Despite its weaknesses and insufficiencies, the organization of leading rich and developing nations is one of extraordinary usefulness. The governments seated at the Group of 20 summit represent more than two-thirds of the global population, 85 percent of global gross domestic product and 75 percent of global trade. Between the elite of the club of leading industrial nations (where only the most advanced Western economies are seated), the ineffectiveness of many United Nations organizations (where all 193 members are seated), and the absence of a global government, the G-20 combines sufficient legitimacy and efficacy to be the stage from which the direction of global governance should be directed..
Multilateralism is the only way of ordering, albeit only to a limited extent, the complex world we live in, one plagued by tremendous obstacles, whether they be economic (trade and investment) or more political (climate change, immigration and terrorism). An opportunity exists for a globalization that works for everyone, and it is in forums such as G-20 where that possibility could materialize.
This understanding of the necessity for rules and agreements is shared far and wide, except in Washington, D.C., where Donald Trump governs with his “America First” slogan. He didn’t adopt this slogan casually; it comes directly from the 1930s when protectionism and authoritarianism thrived.
Ironically, in this contempt for the G-20 summit and multilateralism, this weekend we have discovered actors as disparate as Trump and violent anarchism, which has made Hamburg, not known for its ideals, purposes or principles, a city seized by street violence.
In Hamburg, Trump’s insistence on disassociating from the climate change agreements and reserving unilateral protectionist actions for himself has been, at the very least, impeding the finalizing of a joint statement. Unfortunately, the U.S. president has marked the global agenda by changing his mind and by his contradictions. After speaking in Warsaw on the West’s civilization crisis and being asked if he is ready to defend his values, he ignored all the problems the West has with Russia in his first interview with Putin and continued the unabated hostility toward Mexico with his promise to make it pay for the wall. Then, in the best Eastern style of governance, he sent his daughter Ivanka to wow the other leaders instead of the secretary of state, as protocol dictates.

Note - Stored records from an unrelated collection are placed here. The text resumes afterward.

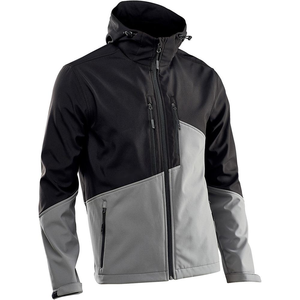 Veste Softshell Homme Triveers Haute Qualité à Capuche Coupe-Vent Color Block Fermeture Éclair Hiver Noir Gris - Product Image 1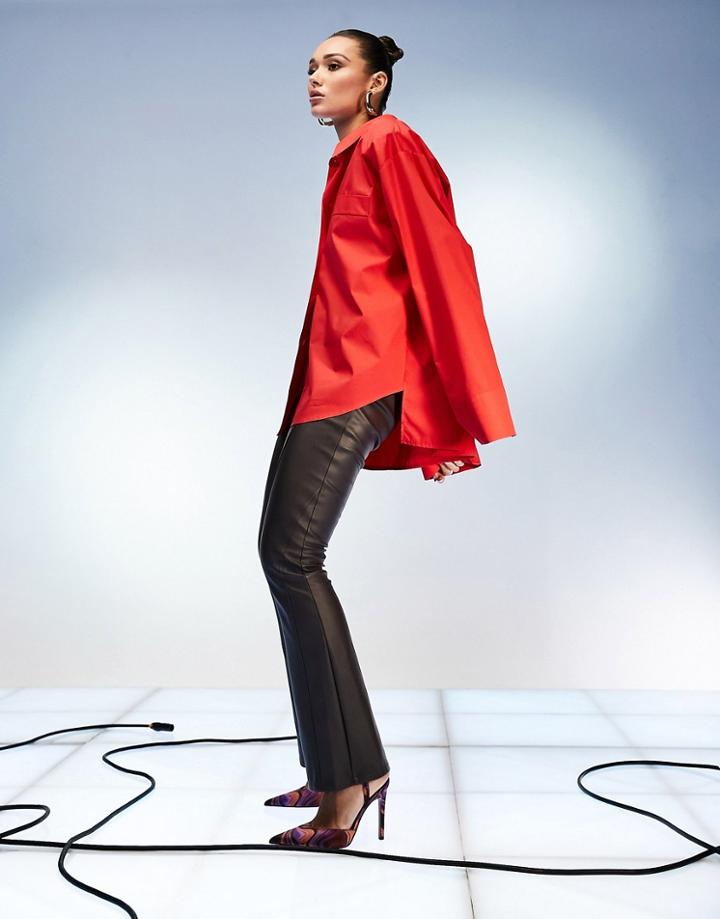 Asos Design Oversized Shirt With Shoulder Pads In Bright Red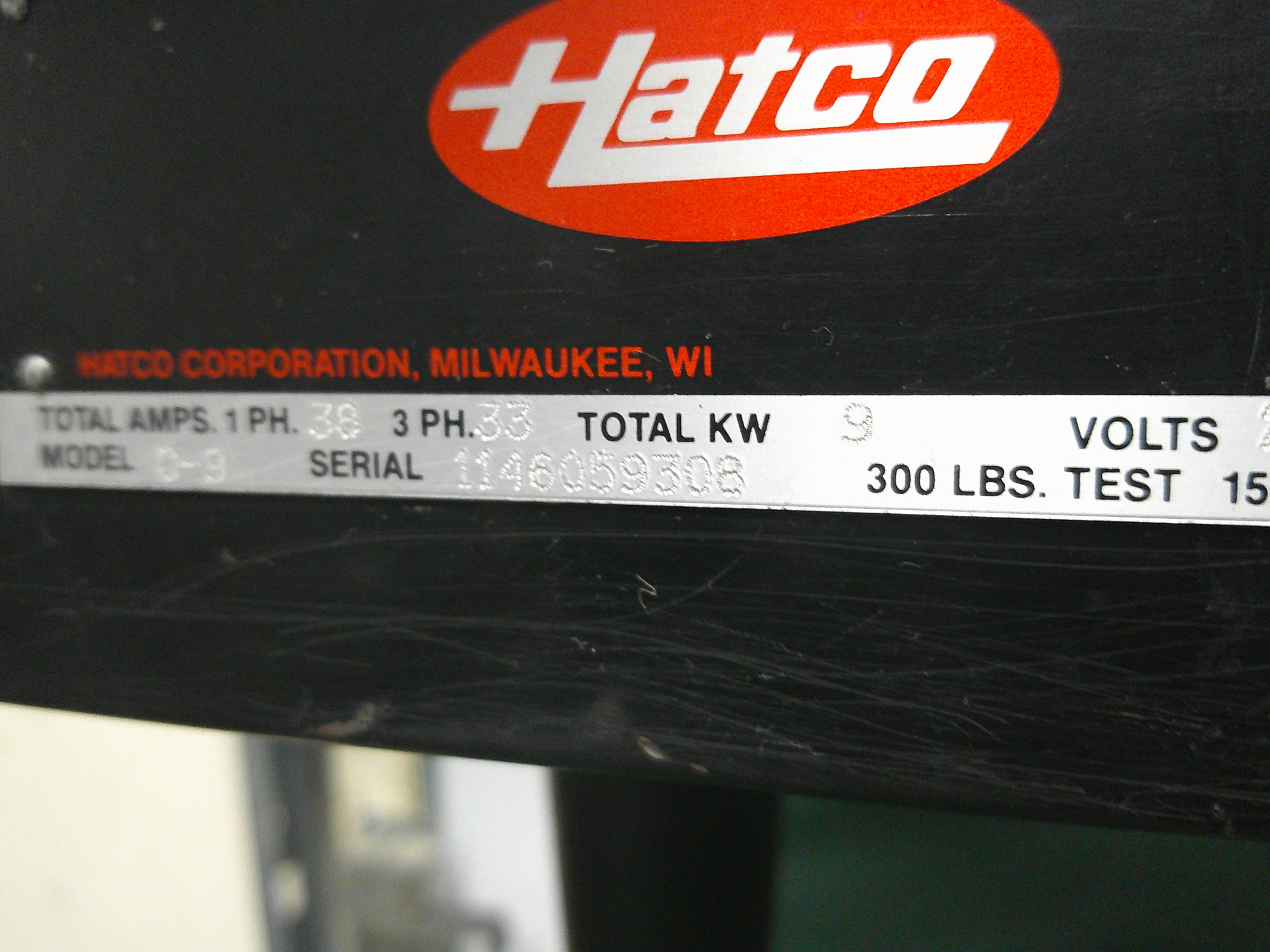 HATCO BOOSTER HEATER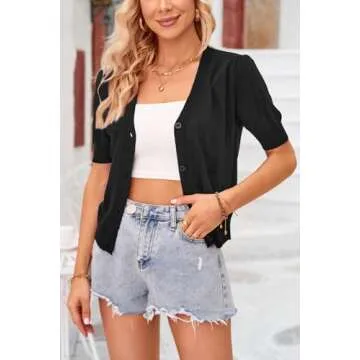 Arach&Cloz Womens Cardigans Summer 2024 Cropped Lightweight Short Sleeve Sweater Bolero Shrugs Tops Casual Dressy Trendy Plus Size Valentines Kimono Cozy Clouds Black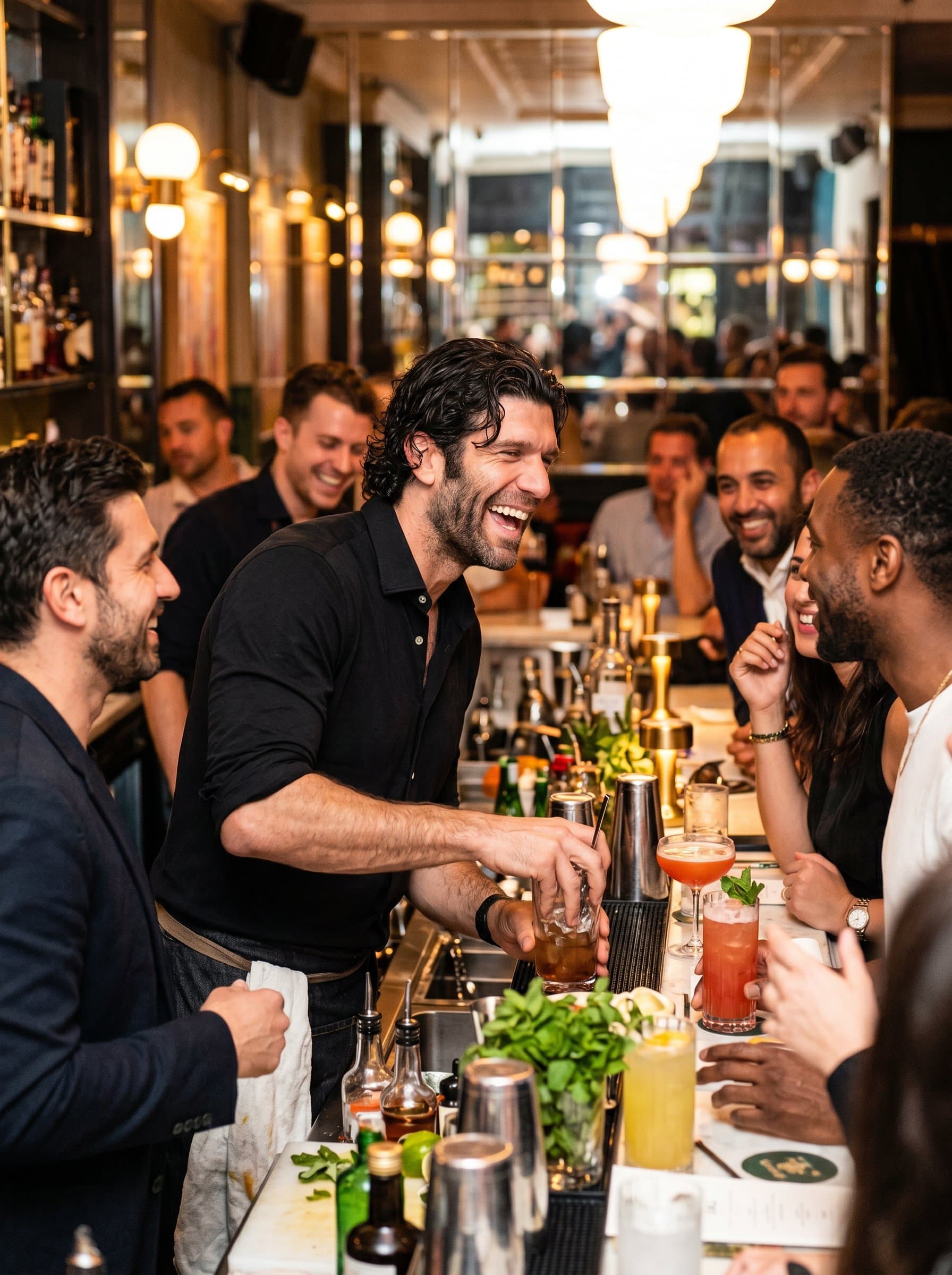 : A friendly bartender with a tousled hairstyle, dressed in casual chic attire, energetically interacting with patrons, in a vibrant bar setting with colorful cocktails prominently displayed.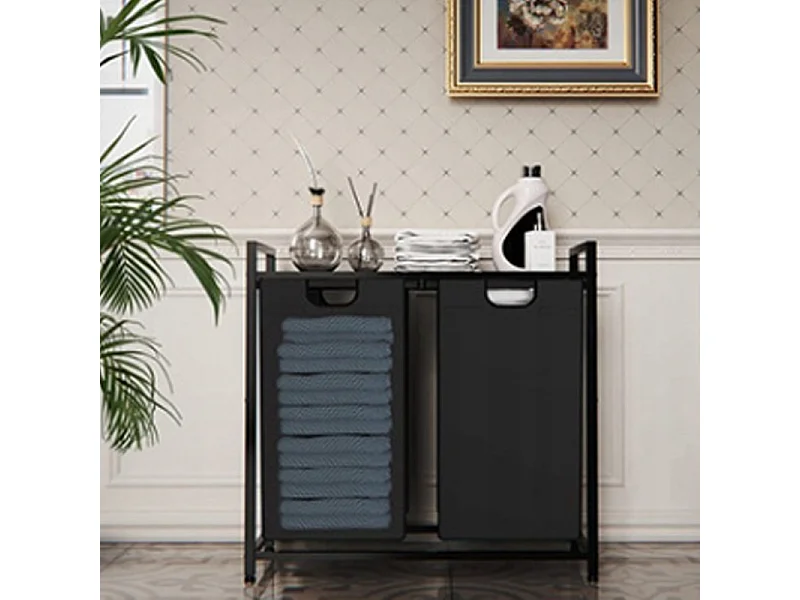 GRAND PANIER À LINGE À DEUX COMPARTS AVEC ÉTAGÈRE ÉTAGÈRE INDUSTRIELLE CONTENANT LOFT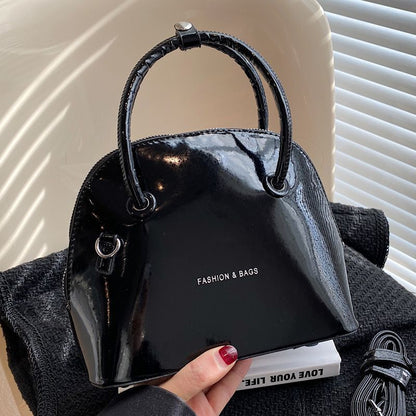 Women Shiny Bright Shell Bags Handbag Evening Clutch Patent Leather Versatile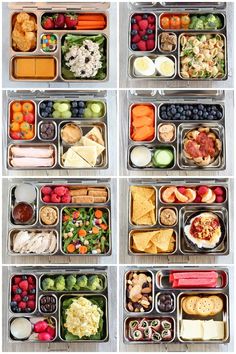 several trays filled with different types of food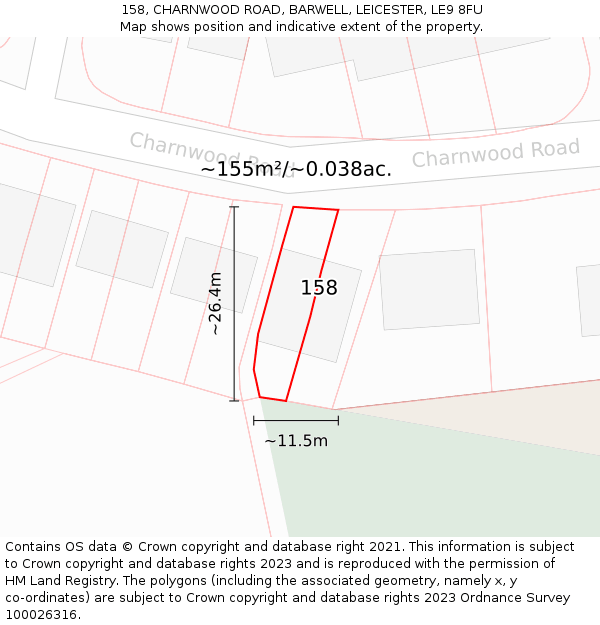 158, CHARNWOOD ROAD, BARWELL, LEICESTER, LE9 8FU: Plot and title map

The good news is that the G-20 will move forward, even if it’s as the G-19. Fortunately, everyone else has a direct interest in making sure Trump isn’t going to succeed in derailing globalization or global governance. The G-0, or the G-1 as Trump dreams it, isn’t going to happen. This week, Europe has signed a crucial free trade agreement with Japan, will ratify another with Canada and should continue fighting for multilateralism. With or without Trump.